## TASK DETAILS
When you copy the data that follows, reproduce every word exactly and leave out the images.

[Saved entries]
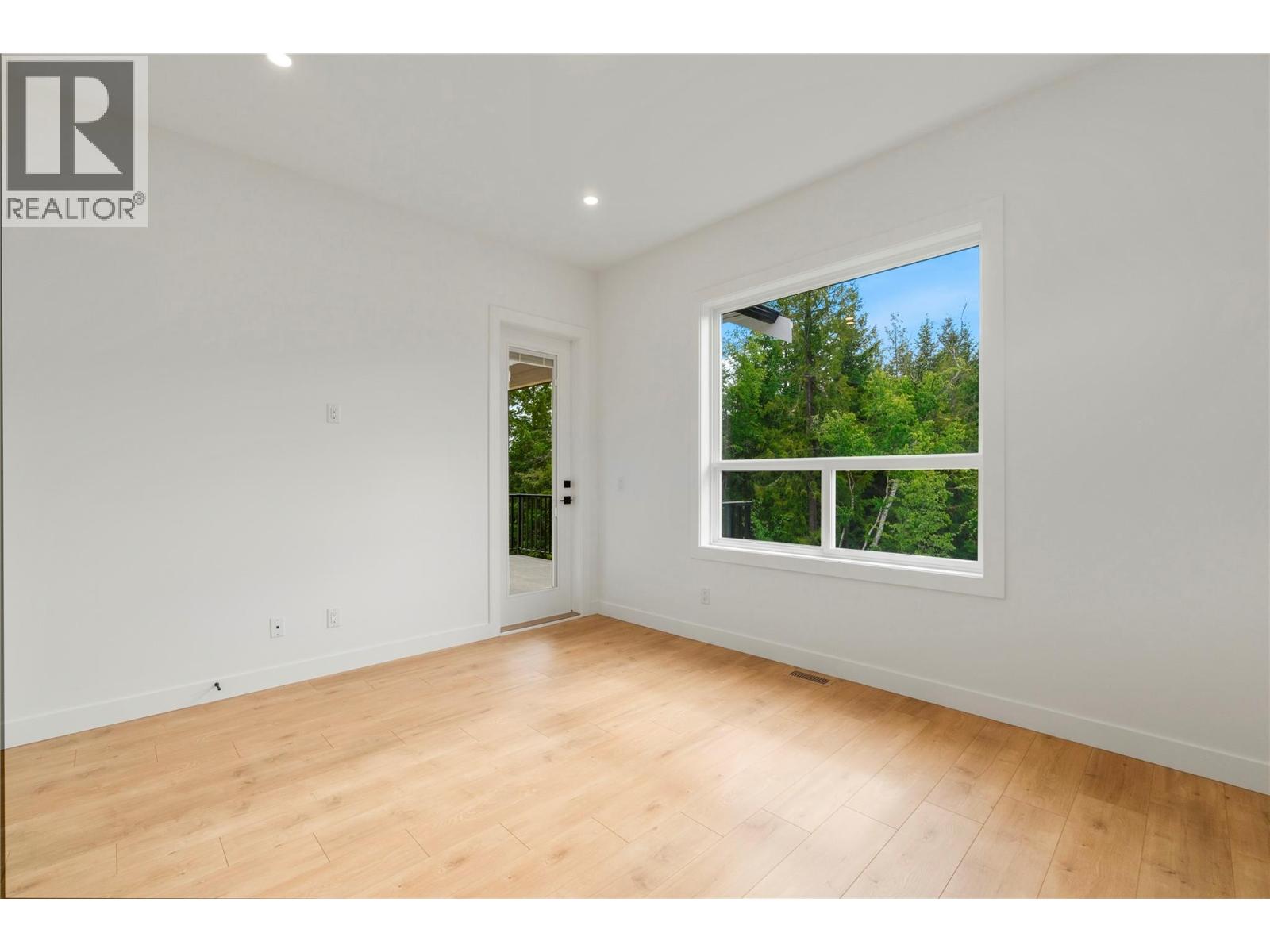 6800 42 Street NE - 21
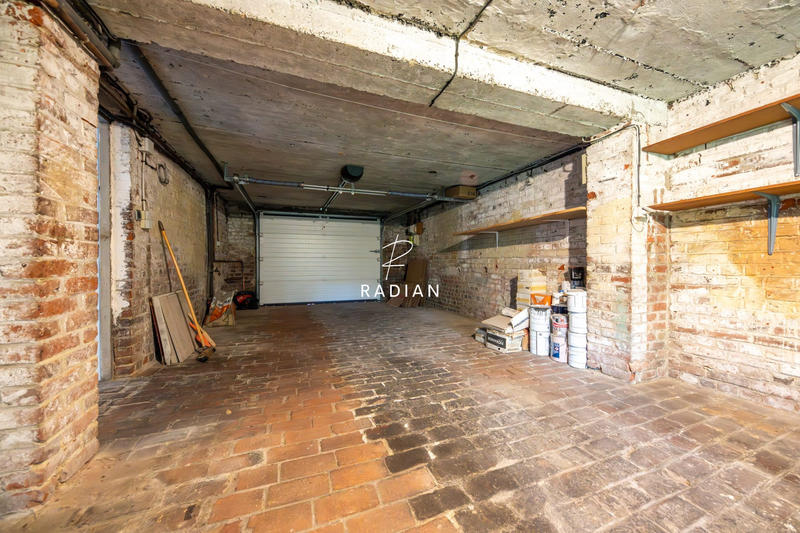 Maison - 224 m² - 7 pièces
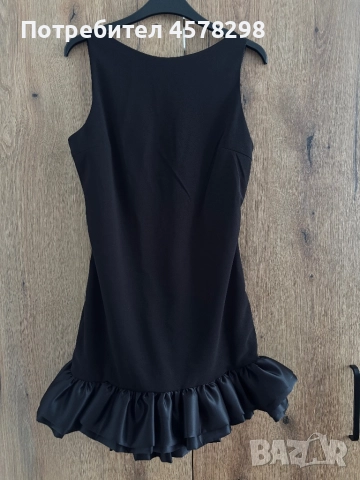 Дамска черна рокля, снимка 1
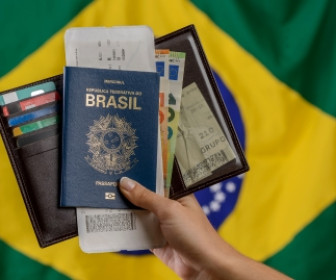 Por que antecipar tendências e monitorar indicadores é essencial para manter competitividade no turismo?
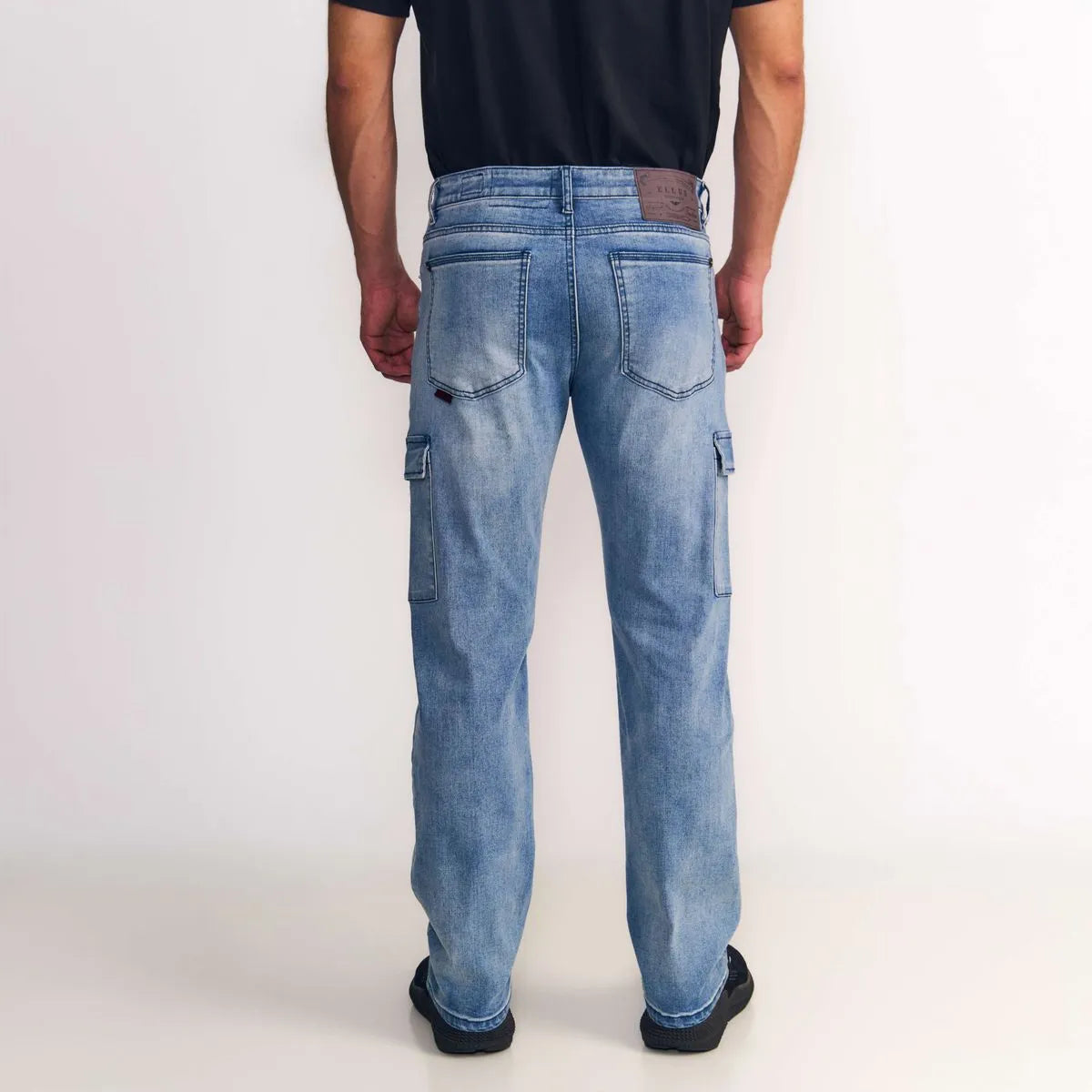 jeans-hombre-cargo-tiro-alto-azulino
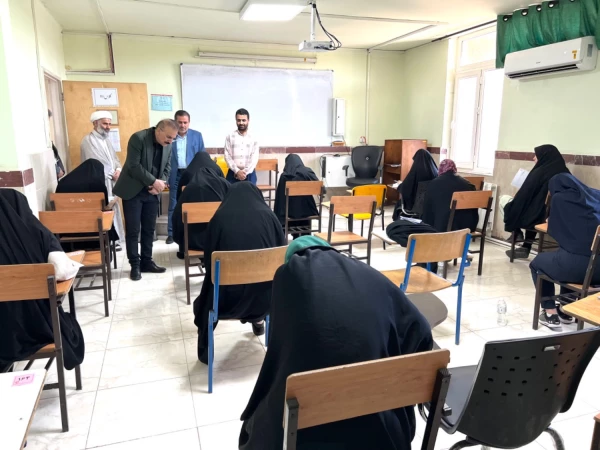 معاون آموزشی و تحصیلات تکمیلی سازمان مرکزی از روند برگزاری امتحانات استان قزوین بازدید نمود. 8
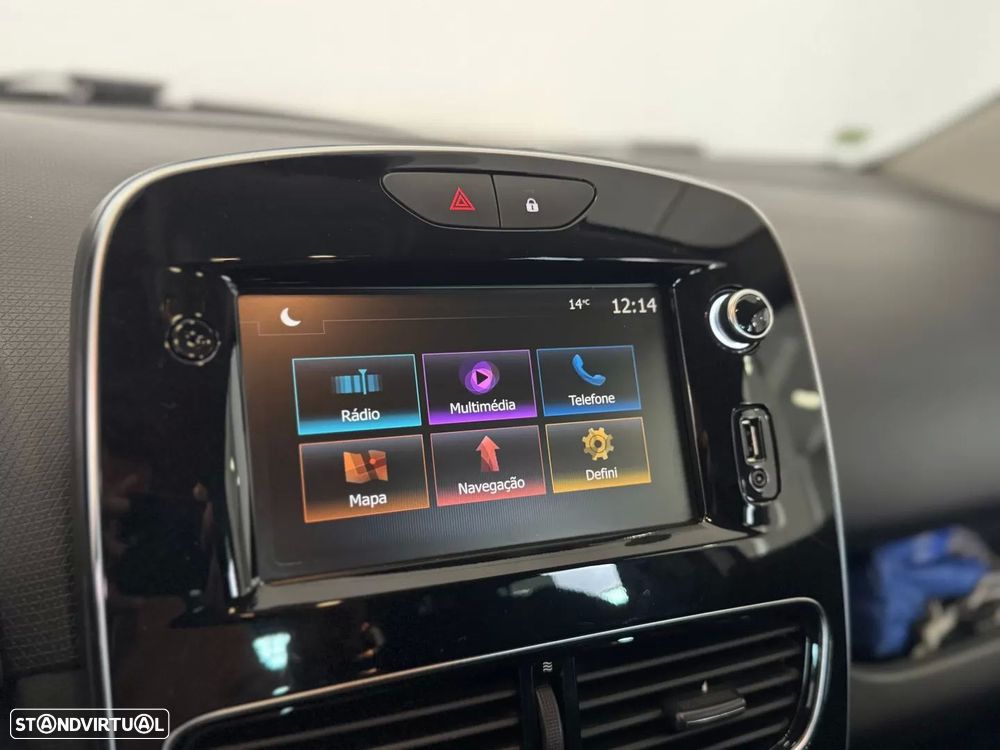 Renault Clio 0.9 TCe Limited Bi-Fuel - 24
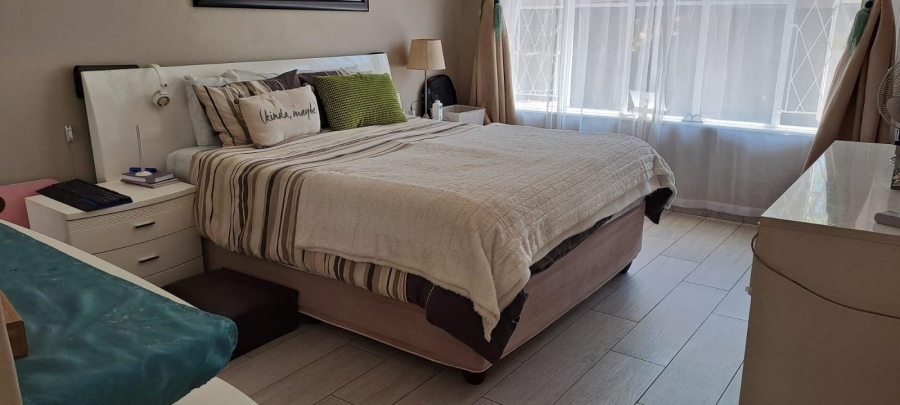 3 Bedroom Property for Sale in Brackendowns Gauteng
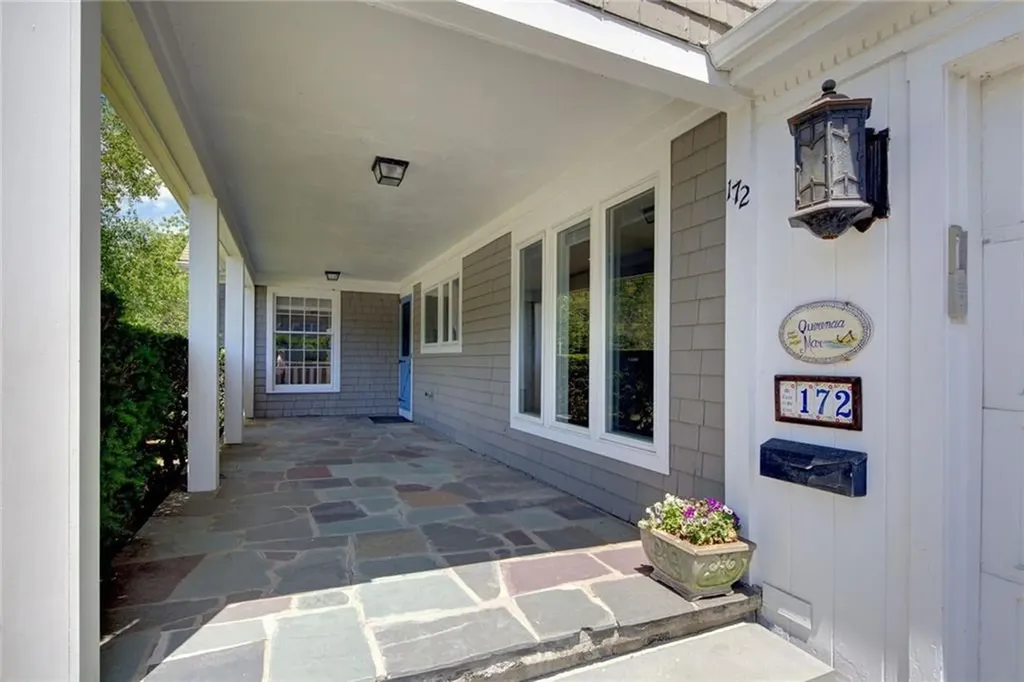 172 Eustis Avenue Newport RI 02840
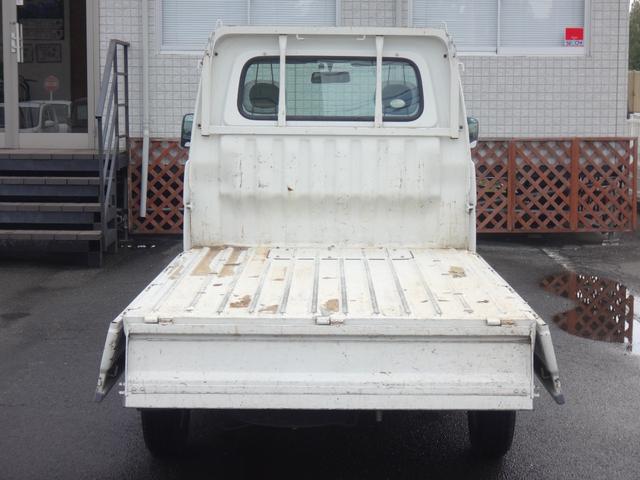 ハイゼットトラック エアコン・パワステ　スペシャル　４ＷＤ　５ＭＴ　修復歴無　車検２年付　３方開　ＥＴＣ　エアコン　パワステ　ドアバイザー　タイミングチェーン式　ラジオ（19枚目）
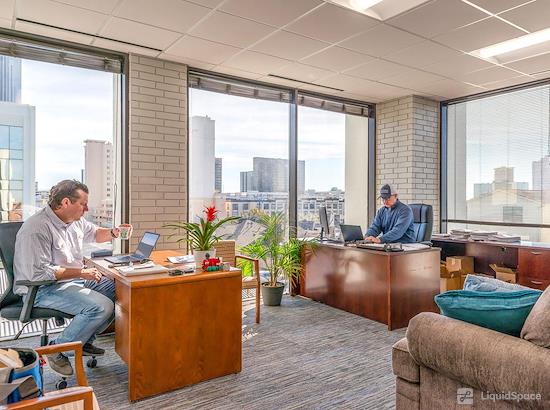 Working at Urban Office - 53 West at Houston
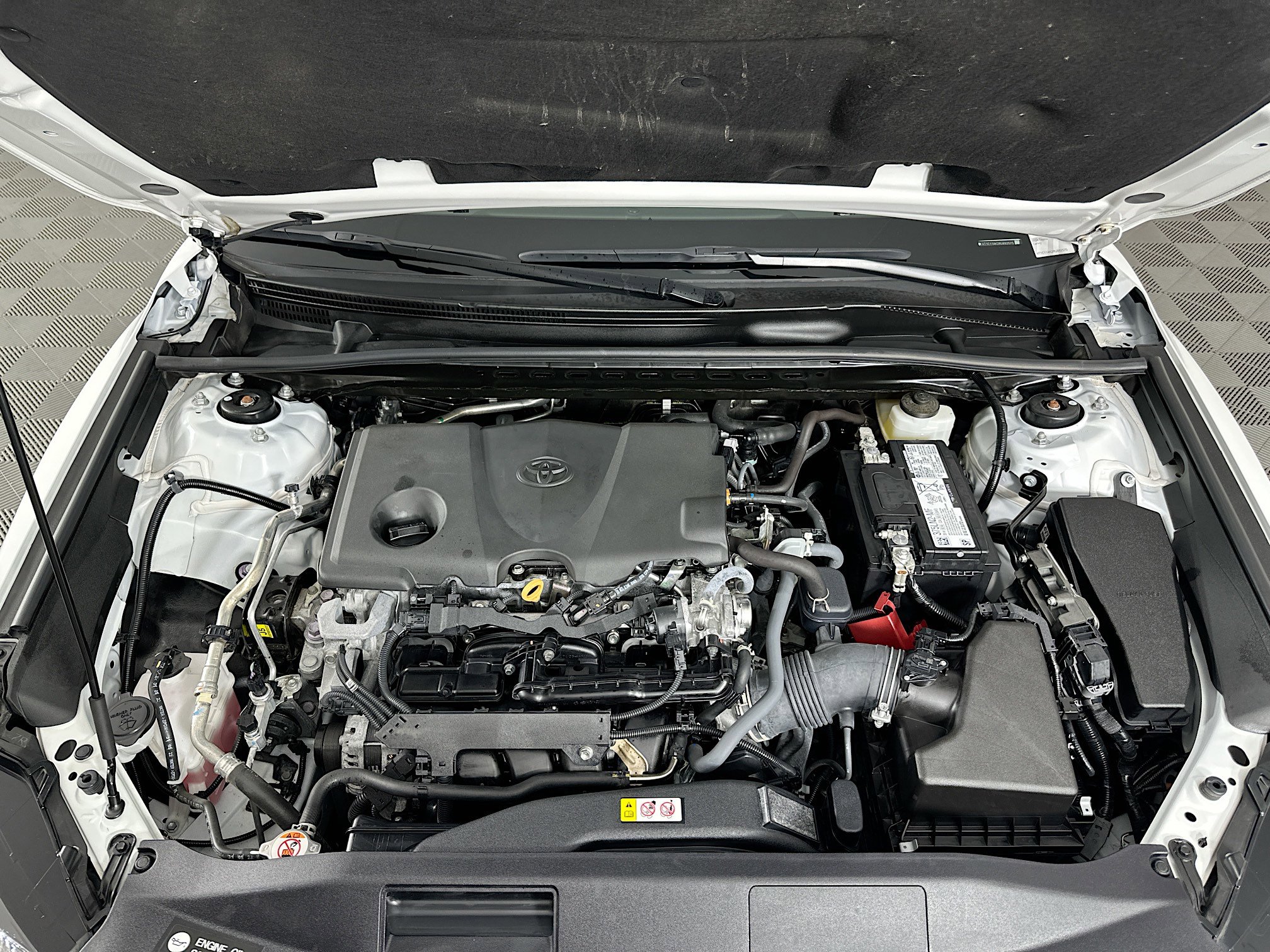 Used 2024 Toyota Camry LE image 30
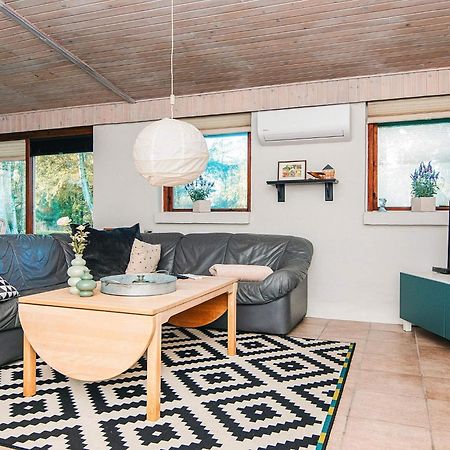 2 Person Holiday Home In Tarm Fjerbæk Eksteriør billede
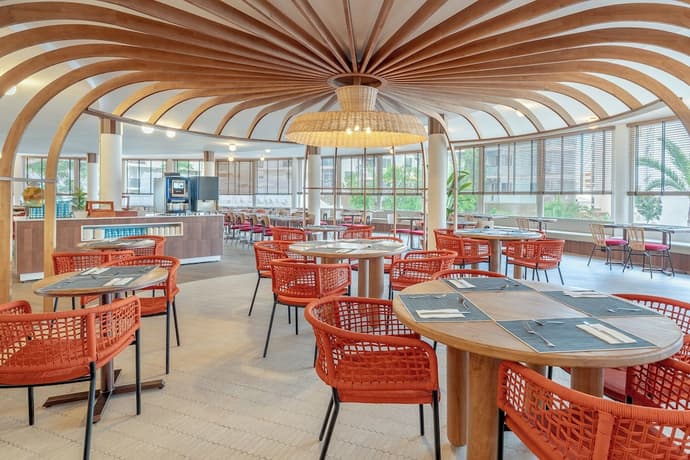 tent Arenal, Primary image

## RESPONSE AREA
 6800 42 Street NE - 21
 Maison - 224 m² - 7 pièces
 Дамска черна рокля, снимка 1
 Por que antecipar tendências e monitorar indicadores é essencial para manter competitividade no turismo?
 jeans-hombre-cargo-tiro-alto-azulino
 معاون آموزشی و تحصیلات تکمیلی سازمان مرکزی از روند برگزاری امتحانات استان قزوین بازدید نمود. 8
 Renault Clio 0.9 TCe Limited Bi-Fuel - 24
 3 Bedroom Property for Sale in Brackendowns Gauteng
 172 Eustis Avenue Newport RI 02840
 ハイゼットトラック エアコン・パワステ　スペシャル　４ＷＤ　５ＭＴ　修復歴無　車検２年付　３方開　ＥＴＣ　エアコン　パワステ　ドアバイザー　タイミングチェーン式　ラジオ（19枚目）
 Working at Urban Office - 53 West at Houston
 Used 2024 Toyota Camry LE image 30
 2 Person Holiday Home In Tarm Fjerbæk Eksteriør billede
 tent Arenal, Primary image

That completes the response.